I love novels myself. And I think that reading, say, The Scarlet Letter, is a pleasantly rewarding intellectual and artistic puzzle that helps me think about big ideas like idenity and social norming. But I don't think that literature has any monopoly on helping kids become better readers, thinkers, or citizens. It's ONE WAY, and a way that is probably going out of style faster than you can say "D'oh!".
Today I ran across an article in the Chronicle of Higher Education (not usually associated with flouting tradition!) which helps me make my claim in a sideways sort of way. The author, Daniel Drezner, in the article "Public Intellectual 2.0," found here, writes that public intellectuals have not died, but have migrated to the blogosphere. Drozner writes:
"To be sure, some important differences exist between the current generation of public intellectuals and the Partisan Review generation extolled by so many. In the current era, many more public intellectuals possess social-science rather than humanities backgrounds. In Richard Posner's infamous list of top public intellectuals, there are twice as many social scientists as humanities professors. In a recent ranking published by Foreign Policy magazine, economists and political scientists outnumber artists and novelists by a ratio of four to one. Economics has supplanted literary criticism as the "universal methodology" of most public intellectuals."

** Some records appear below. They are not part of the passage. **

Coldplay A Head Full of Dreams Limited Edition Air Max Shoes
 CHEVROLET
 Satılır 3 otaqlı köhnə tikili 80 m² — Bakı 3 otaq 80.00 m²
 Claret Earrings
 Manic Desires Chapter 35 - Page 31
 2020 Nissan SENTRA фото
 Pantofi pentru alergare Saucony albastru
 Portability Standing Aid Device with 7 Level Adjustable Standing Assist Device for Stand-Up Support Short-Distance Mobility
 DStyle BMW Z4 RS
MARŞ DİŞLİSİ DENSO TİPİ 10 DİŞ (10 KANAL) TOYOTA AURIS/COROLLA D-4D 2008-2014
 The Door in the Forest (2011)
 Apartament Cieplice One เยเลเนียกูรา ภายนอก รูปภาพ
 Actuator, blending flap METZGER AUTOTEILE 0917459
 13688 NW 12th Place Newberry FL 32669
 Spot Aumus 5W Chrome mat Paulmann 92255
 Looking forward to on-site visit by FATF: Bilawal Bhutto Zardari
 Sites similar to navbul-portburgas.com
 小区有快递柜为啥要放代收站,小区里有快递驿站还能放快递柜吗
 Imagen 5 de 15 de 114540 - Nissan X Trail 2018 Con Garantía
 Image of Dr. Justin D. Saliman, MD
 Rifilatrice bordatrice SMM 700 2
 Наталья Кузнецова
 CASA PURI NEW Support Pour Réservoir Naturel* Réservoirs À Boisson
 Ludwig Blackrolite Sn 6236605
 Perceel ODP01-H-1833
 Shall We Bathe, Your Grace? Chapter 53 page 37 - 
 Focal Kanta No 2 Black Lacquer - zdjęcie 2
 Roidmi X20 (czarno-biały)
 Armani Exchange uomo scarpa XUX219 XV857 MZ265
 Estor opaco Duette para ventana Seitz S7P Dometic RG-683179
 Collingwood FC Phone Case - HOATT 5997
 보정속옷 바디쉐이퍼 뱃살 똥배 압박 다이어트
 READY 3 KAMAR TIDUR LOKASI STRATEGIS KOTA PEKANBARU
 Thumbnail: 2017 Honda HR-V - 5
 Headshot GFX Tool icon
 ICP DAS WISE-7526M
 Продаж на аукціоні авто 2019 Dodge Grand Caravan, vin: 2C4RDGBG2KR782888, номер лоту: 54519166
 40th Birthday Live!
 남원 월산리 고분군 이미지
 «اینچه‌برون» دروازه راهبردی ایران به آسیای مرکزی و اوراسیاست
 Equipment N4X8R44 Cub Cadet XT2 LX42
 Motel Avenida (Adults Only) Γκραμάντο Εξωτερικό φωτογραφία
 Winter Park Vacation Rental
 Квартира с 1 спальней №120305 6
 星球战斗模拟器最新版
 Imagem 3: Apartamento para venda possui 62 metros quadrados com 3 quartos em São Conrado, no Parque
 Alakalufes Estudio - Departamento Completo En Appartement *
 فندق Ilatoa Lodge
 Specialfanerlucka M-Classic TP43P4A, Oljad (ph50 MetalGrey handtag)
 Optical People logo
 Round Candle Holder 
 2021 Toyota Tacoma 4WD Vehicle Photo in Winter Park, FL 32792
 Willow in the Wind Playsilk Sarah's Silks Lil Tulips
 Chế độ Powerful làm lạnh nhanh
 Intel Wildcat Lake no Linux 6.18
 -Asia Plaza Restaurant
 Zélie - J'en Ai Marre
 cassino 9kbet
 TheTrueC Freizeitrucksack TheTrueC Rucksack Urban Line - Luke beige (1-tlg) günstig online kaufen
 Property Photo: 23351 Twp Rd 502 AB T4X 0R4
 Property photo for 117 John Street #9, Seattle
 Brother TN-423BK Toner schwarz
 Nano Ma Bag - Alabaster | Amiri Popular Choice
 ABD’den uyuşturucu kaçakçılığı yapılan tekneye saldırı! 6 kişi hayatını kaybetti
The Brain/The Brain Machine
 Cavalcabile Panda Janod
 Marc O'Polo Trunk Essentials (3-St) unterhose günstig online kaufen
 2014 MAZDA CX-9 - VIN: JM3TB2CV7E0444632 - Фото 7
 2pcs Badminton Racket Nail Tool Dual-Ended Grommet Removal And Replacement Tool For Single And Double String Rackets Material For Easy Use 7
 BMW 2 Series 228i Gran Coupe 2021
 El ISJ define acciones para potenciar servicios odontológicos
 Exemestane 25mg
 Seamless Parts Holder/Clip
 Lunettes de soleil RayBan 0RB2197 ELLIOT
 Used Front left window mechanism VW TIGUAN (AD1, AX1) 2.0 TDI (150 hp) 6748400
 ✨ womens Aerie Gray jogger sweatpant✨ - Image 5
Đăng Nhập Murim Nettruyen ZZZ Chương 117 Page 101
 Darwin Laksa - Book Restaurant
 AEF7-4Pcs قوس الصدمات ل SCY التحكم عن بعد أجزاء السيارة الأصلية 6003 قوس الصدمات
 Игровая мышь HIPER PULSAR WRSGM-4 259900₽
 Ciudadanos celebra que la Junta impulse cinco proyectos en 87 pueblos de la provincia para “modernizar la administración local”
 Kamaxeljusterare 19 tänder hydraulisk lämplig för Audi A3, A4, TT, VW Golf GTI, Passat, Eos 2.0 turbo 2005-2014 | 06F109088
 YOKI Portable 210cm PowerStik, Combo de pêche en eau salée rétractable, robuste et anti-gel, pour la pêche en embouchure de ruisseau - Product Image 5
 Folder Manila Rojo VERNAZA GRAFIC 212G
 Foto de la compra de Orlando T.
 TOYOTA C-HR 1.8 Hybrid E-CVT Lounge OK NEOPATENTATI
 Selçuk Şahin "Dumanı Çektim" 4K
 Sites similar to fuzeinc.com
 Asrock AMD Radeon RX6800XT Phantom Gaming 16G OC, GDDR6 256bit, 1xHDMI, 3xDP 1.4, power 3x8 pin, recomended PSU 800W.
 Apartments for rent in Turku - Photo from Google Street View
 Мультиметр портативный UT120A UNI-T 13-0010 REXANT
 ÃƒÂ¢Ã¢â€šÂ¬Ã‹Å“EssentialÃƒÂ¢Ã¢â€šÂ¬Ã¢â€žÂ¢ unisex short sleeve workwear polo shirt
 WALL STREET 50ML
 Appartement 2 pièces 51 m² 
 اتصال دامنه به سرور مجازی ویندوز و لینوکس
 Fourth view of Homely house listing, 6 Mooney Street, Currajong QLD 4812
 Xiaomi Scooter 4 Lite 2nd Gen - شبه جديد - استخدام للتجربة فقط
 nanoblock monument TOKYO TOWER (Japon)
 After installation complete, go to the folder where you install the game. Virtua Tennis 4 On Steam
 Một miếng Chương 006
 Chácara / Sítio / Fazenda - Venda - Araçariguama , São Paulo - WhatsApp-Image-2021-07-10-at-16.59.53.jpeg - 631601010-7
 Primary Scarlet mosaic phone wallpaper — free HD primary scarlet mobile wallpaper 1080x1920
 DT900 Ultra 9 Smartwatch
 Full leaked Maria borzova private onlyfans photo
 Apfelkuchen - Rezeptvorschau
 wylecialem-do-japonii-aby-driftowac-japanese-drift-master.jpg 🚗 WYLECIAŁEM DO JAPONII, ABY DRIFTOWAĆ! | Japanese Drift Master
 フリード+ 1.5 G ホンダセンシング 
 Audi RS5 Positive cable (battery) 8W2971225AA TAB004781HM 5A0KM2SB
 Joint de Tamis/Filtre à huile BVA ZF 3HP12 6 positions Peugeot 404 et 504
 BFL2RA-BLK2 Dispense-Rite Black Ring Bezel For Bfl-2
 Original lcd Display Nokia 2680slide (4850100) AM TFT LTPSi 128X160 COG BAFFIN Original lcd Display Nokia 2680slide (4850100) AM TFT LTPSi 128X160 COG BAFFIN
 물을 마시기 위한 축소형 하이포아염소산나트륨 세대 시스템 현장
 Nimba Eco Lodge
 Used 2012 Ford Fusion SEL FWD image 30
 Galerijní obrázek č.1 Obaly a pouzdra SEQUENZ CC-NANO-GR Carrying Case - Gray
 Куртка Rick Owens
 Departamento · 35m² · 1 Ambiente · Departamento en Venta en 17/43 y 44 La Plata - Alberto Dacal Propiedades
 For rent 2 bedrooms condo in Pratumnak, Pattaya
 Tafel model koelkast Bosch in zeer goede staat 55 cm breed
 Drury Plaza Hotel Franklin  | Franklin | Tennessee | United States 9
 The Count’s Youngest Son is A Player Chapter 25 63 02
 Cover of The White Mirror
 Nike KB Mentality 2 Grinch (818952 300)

Drezner says, "That fact in particular might explain the strong belief in literary circles that the public intellectual is dead or dying." But for me, it also might explain why kids see, but English teachers don't, that our primary focus on literary criticism is outdated and, um, boring. English departments, even in high school, existed in their heyday after the New Critics (and New York Intellectuals) reign in the 50s and 60s.
Meanwhile, back in high school, teachers still hold novels up as holy relics. The answer, to many teachers, is to force kids to look more closely at the holy relics, and try to encourage kids to see how the old messages might still fit today. My response is that we should help kids see the holy is not just in relics!